To change the location where the log files are stored when the log collector is enabled, you can use the log_directory parameter to specify a custom directory.

Note that logging can sometimes be a problem in PostgreSQL. The logging collector will not allow any log messages to be lost, so at high load, it can block server processes, resulting in issues. You can use syslog instead, as it can drop some messages and will not block the system. To disable the logging collector, you can configure the option to off:

logging_collector off

Depending on your use case, you might want to change the location of your PostgreSQL logs. Common options here include logging to syslog, CSV, Windows Event, and Docker, all discussed further below.

Syslog

You can easily configure PostgreSQL to log to syslog facilities. You need to do this on the syslog daemon via the following configuration:

local0.* /var/log/postgresql

You can use parameters like syslog_facility, syslog_indent, syslog_sequence_number in the PostgreSQL configuration file to format the logs.

CSV Log

If you want to upload logs to an analysis tool or program, you might want to save logs to a CSV file. CSV is well defined, making this process easy. To switch your logs to CSV, you have to add the following line in the PostgreSQL configuration:

csvlog /log/postgresql.csv

You can also create a table on top of these logs and then use SQL to query for specific conditions.

Windows Event Log

For PostgreSQL systems running on Windows, you can send logs to the Windows Event Log with the following configuration:

log_destination = 'stderr, eventlog'

Make sure to register the event source system in the Windows OS so it can retrieve and show you event log messages using Windows Event Viewer.
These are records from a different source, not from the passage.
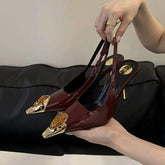 Elegant Black Chic Slingback Pumps with 7CM/9CM Heels for Women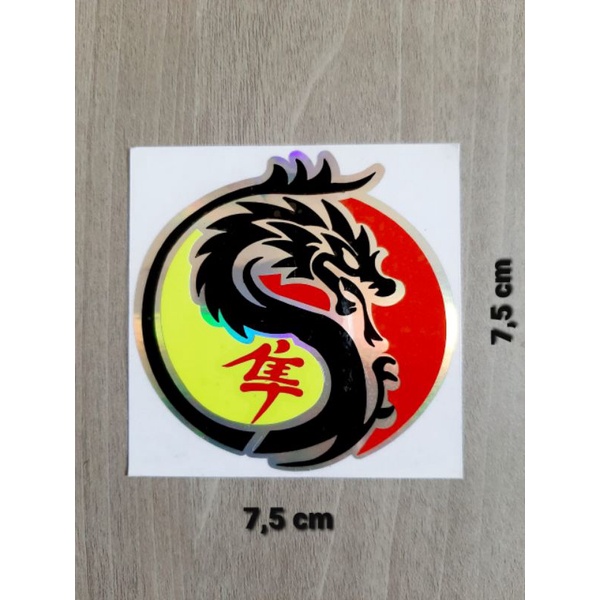 STIKER CUTTING NAGA YIN YANG UKURAN KECIL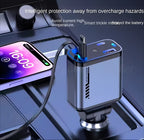 C6 4 In 1 Multi Functional Car Charger Fast Charging With Star Light Providing Durable Quality - 20 Watt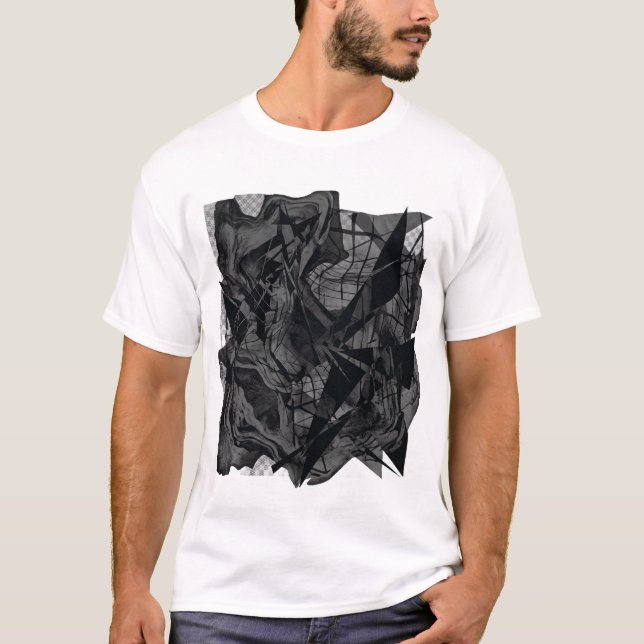 T-Shirt de rue moderne abstrait pour hommes | Co e (Devant)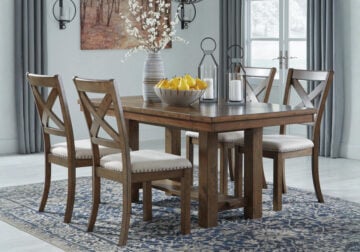 Moriville Beige 5pc. Dining Set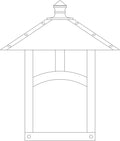 Evergreen Flush Wall Mount EW-9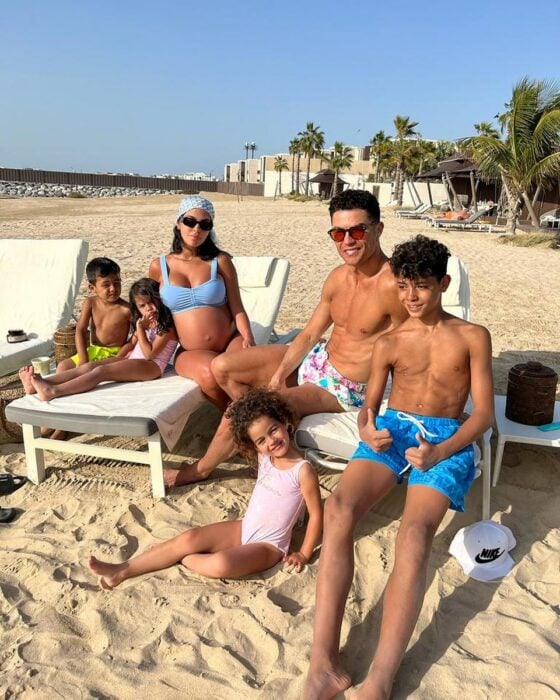 Cristiano Ronaldo y Su familia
To do this, use the command:

regsvr32 pgsql_library_directory/pgevent.dll

Docker

Nowadays, many tools and databases are run as Docker applications, PostgreSQL included. You can also run the Docker version of PostgreSQL easily on Kubernetes or any other container orchestration platform. However, in such cases, you don’t want to make changes directly in the pods or containers because those changes can be lost when the pods restart. Instead, you have to pass the configs during the start of these containers.

To enable logging, you have to pass the configurations using the ConfigMaps in Kubernetes. Follow this blog to deploy PostgreSQL on Kubernetes and enable/disable various settings.

What Is Important to Log?

Logging a lot of information can lead to a waste of time if you are not able to point out which logs are important and which are not. It’s very important to reduce the noise in logging to achieve faster debugging—this will also save you time and resources to store those logs.

Logs should show you slow queries, log levels, and how to catch critical information with minimal logging. You can do this by using filters, the most common of which are log thresholds, log levels, statement duration, and sampling. Let’s delve a bit into each of these.

Slow Query Thresholds

PostgreSQL can log queries that are taking more time than a defined threshold. Identifying slow log queries helps discover issues with the database and why there are lags in your application.

To enable this, you need to edit the postgresql.conf file. Find the log_min_duration_statement line, and tune it per your needs. For example, the below statement will log all the queries that are taking more than 1 second:

log_min_duration_statement = 1000

After this, save the file and reload PostgreSQL. Your settings will be applied, and you will be able to see logs for slow queries in your PostgreSQL log files.

You can also set this dynamically using the PostgreSQL query interface via the following command:

ALTER DATABASE db SET log_min_duration_statement = ‘1000ms';

Statement Duration

You can easily log the duration of each statement being executed in PostgreSQL. To do this, add the below statement to your configuration to enable logging of each statement:

log_statement all

Another option to accomplish this is by running the following PostgreSQL statement:

ALTER DATABASE db SET log_statement = ‘all';

Note that this will enable the logging of all statements queried, meaning it may not be that useful and simply create a lot of noise.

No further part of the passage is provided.